The real issue is that 5 years from now when you totally forget about this stuff and the story isn’t newsworthy, the technology that can scrape your content for re-purposing in advertising will be there.  100% relevant,  auto-moderated content that is fit for re-targeting into advertising will be in place and working.

This is the end game social media companies are counting on. It is why Instagram wants to clarify licensing well in advance. It is why Facebook was so keen on hiding the tick-box that says ‘don’t allow my social media content to be searchable’ until people made a fuss.

The Facebook share price movement has been downward. It will go lower still if they don't find out how to sell user data to advertisers
The Facebook share price movement has been downward since its float: 35% down vs the Dow Jones as of this writing. It will go lower still if they don’t find out how to make a larger profit from user data…

Monetizing social media relies on re-targeting your social/photo content to advertisers, and social media sites won’t make enough money to justify their high valuations unless they do it.

It is worth noting the other side of the argument: that advertising is actually good for the internet. Without advertising, most sites would not be free to browse: advertising is the largest (and often only) income for all non e-commerce and non-subscription sites.

There is clearly a balancing act here between  a free internet for all and an internet that becomes a free-for-all.

Conclusion: Keeping your content out of Advertising.

So now we have a good understanding of what the technology behind this is and what advertiser’s (and therefore also Facebook/Instagram’s) end game actually is and when they might be there, how do we avoid getting our photographs being re purposed in online advertising?

The way advertisers would ever get to your content would be via its metadata, so you have to make sure you add enough metadata for search, but not enough for branding. If advertisers can’t find your photo, an advertiser’s license is useless because they will never pick your content.

How to do this?

  • Don’t add location data. If you are taking pictures of Hawaiian sunsets, don’t allow the camera to geo-tag the photos for Hawaii, because then an ad for holidays in Hawaii will easily find them. Geo-tagging is the single best way for an advertiser to associate your photo with a real place, sales area, or even demographic.
  • Add the correct search data that a human would search for, but the incorrect (or no) metadata that an advert’s script would use to confirm 100% search relevance. Again, for your Hawaiian sunsets, tag then with Hawaii and sunset, but also tag them with the geo-location for Siberia. That will reduce relevance for an ad looking for Hawaiian sunsets (conflicting data: less than 100% accurate) and nudge auto-moderation into a ‘something is wrong with this: don’t use it’ result, but would be okay for search (no human would Google for Hawaiian sunsets using geo-location co-ordinates, and they would be able to moderate on image only).
  • Add general information, and never specific brands. If you are blogging about your new tablet, tag it with Android, but not Galaxy. That way an ad for Galaxy will never use it because they can’t risk becoming a laughing stock by showing a Samsung.
  • Realize that search accuracy for branding is some way off and you have time to fix the problem through killtagging. A machine that can understand human content is 5 years off, but a machine that can spot intentionally deceitful human content is not coming anytime soon. Willfully miss-tag a small percentage of your content so that your social media can never be searched at the 100% accuracy that advertisers will need to protect their brand.  I call this killtagging. In the long run, this is better than simply closing your account because it reduces the usefulness of all social media to advertisers in general.
  • Don’t ever link an account you have with an e-commerce site (such as Amazon) with a social media site (such as Facebook or Google+). They want to do this so they can use your endorsement directly in an advert. Leaving reviews for people who are already interested in a product is different from allowing the same review to be used in advertising to people who are not already interested in the same specific product. The first is a social operation, and the latter is a commercial marketing operation, and I would expect to get paid for the latter.
  • Don’t ‘like’ a commercial product on social media. A Facebook ‘Like’ may currently go onto your wall, but I foresee that  such systems will eventually be turned into adverts that may appear outside a social media site (specifically Google and Google Ads, an intention made concrete by Google change of terms October 2013, to be implemented from 11 November 2013).

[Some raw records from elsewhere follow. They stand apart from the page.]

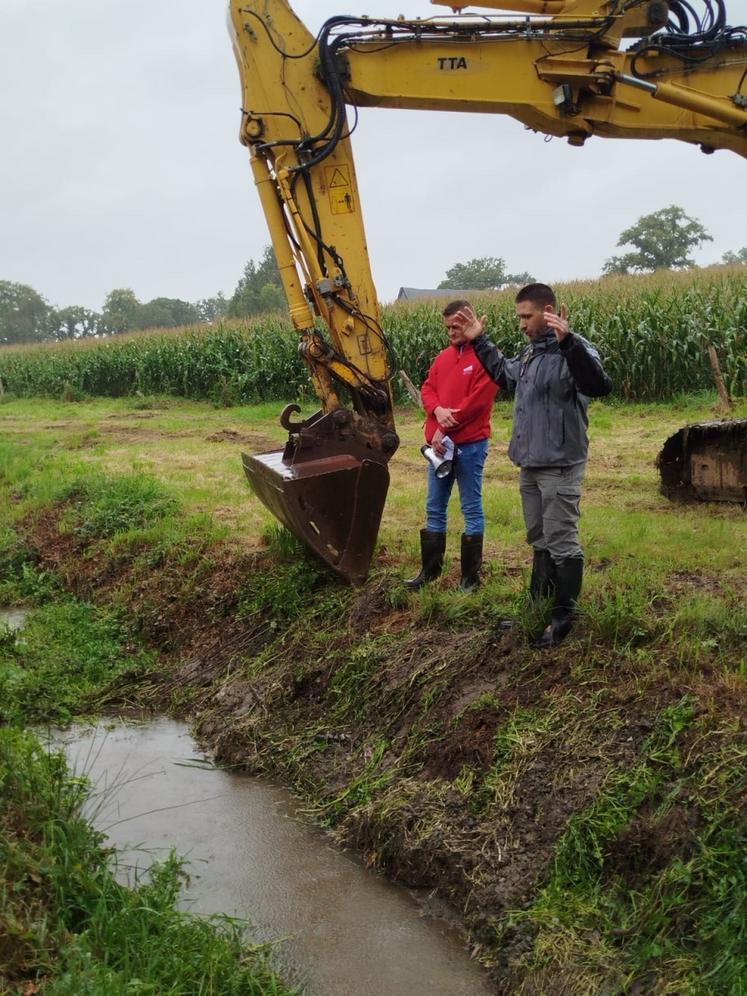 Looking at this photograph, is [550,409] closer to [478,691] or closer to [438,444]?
[438,444]

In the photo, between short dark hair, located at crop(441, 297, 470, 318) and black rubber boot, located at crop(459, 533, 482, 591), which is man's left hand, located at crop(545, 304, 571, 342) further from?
black rubber boot, located at crop(459, 533, 482, 591)

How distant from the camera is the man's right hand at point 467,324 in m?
5.59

You may not want to do any of this if you have shares in Facebook.

As with most internet changes, the best way to deal with this is to either assume a scam and change your habits, or see an opportunity and embrace the change in a way that maximizes benefit to you

  • For avoiders: don’t upload any photograph that you cannot later delete completely including from search results. This ensures deletion is identical to delicensing, something you would need to do if a paying client wanted to exclusively license your online work.
  • For embracers: make the ad work for you: add a link to your website on each photo (and not a logo: that’s not as searchable), and only upload preview content (i.e. lower resolution, cropped, etc), so that you can argue that only the preview (and not the associated final work) falls under any license.

Updates

Update 2013: added text to the section Branding vs Search to discuss Google’s new Shared Endorsements system, and added note 6 in Notes.

Notes

  1. The only usefulness of ownership following licensing occurs if there are exit clauses in the contract (i.e. if the other guy stops paying you, or uses your content for out-of-contract uses), you can exit the licence, and ownership is still with you.
  2. It’s worth emphasizing that licensing is often limited to regions: if I write a book, then I might sell it myself in Europe, Oceania and North America (because I understand the language and markets there), but licence it in China and Russia (because I don’t understand anything about their language and markets, and want to work with a licensee that knows those markets better than me). Social media companies prefer to err towards global terms, so you will be giving up everything.
  3. Be very wary of any license that neither pays you nor has any exit clauses. In this case, even though you still have ownership, you can never exercise it, and your ownership actually has zero value even if you are allowed to sell your content to someone else, because nobody else will touch it. Far from it for me to suggest this is the route all social media companies would prefer, and their game plan is to slowly push everyone in this direction…
  4. It’s worth noting that the issue of licensing vs ownership works the other way for the Photographer when considering software: Adobe would prefer that the law sees you as a Photoshop licensee rather than a Photoshop owner. See this article.
  5. Using  words such as photograph and photo in your blog posts is actually more important than adding the photograph tag to your blog post, because most modern search engines weight what appears in your content higher than the tags. This is because many websites used to add tags to content simply the get higher search relevance (a process called cheating or Search Engine Optimization). Adding both the word photograph and using the photography tag and linking your blog to lots of other websites that use the same terms goes some way to getting high up in search if someone Googles ‘photography’.
  6. Update October 2013. Google has put in place changes in terms that allow them to use your review endorsements as Google ads from 11th November 2013. This seems fairly innocuous, except that the Google terms leave it open as to where those reviews are being harvested from. They specify the source as Google and ‘…third-party applications connected to your Google Account’, which opens up the service for anyone who adds a new checkbox to your terms with them. For example, they could easily use your Amazon reviews in the future, something that you may not have expected (given that you wrote the review in good faith to help people with their buying decisions, and not in an advert to entice people with no intention of buying the product), or Google may in the future buy a review site so it becomes part of Google without you knowing.  Google, rather speciously state ‘You retain ownership of any intellectual property rights that you hold in that content. In short, what belongs to you stays yours’ without specifying the full terms of their licensing rights. If you have read the earlier sections, you will already know that this is a means for Google to trample all over your ability to profit from your work (its the ‘house with one room’ example again!).